Records from a collection
+++

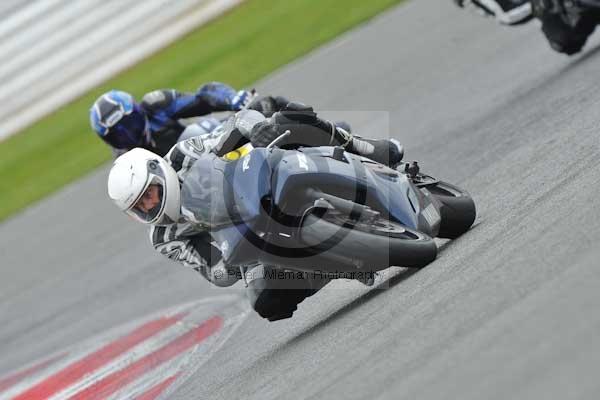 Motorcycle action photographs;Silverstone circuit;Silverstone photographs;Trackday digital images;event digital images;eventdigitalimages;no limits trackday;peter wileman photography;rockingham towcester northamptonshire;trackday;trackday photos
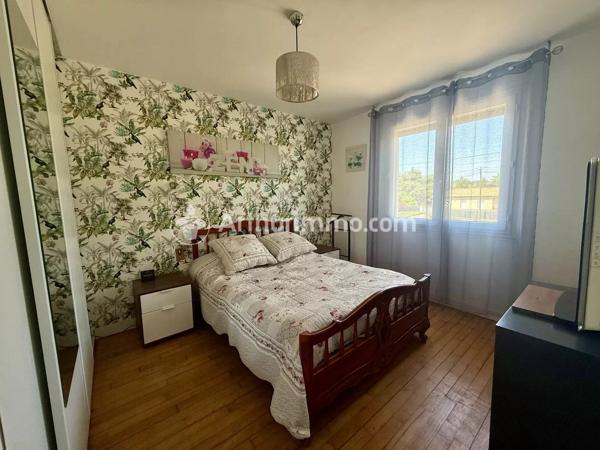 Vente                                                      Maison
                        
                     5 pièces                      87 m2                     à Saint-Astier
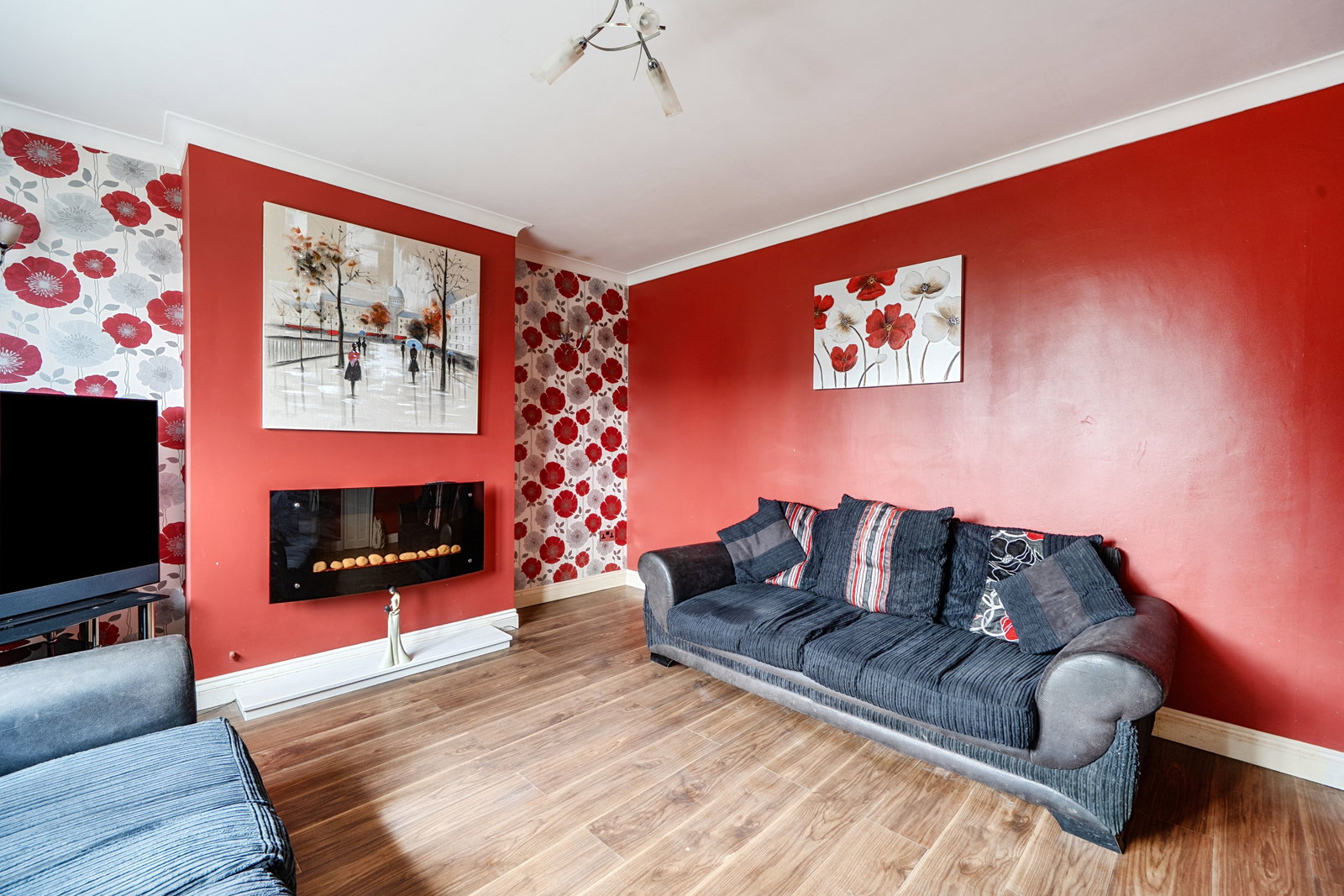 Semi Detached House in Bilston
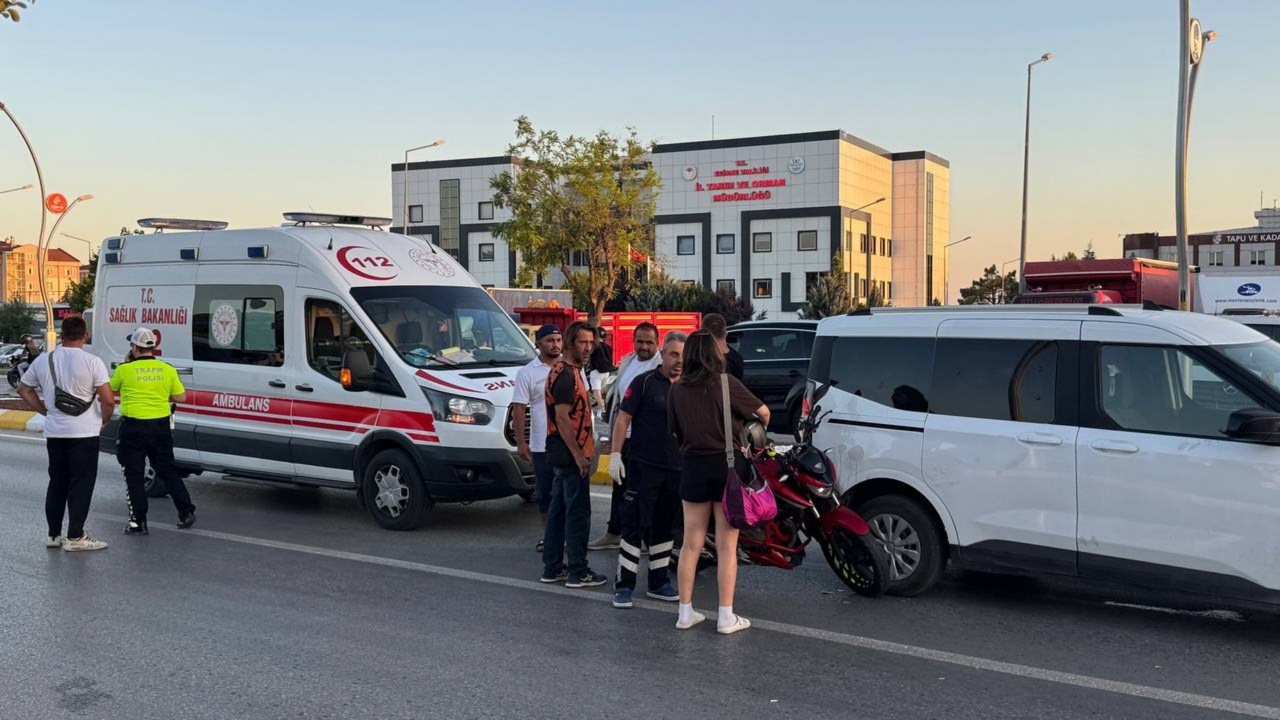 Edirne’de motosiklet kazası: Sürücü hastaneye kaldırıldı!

+++

TASK DESCRIPTION: The answer must be an exact copy of the lines from the one that holds "Semi Detached House in Bilston" through the end of the data, both included, with no pictures.

TASK SOLUTION:
 Semi Detached House in Bilston
 Edirne’de motosiklet kazası: Sürücü hastaneye kaldırıldı!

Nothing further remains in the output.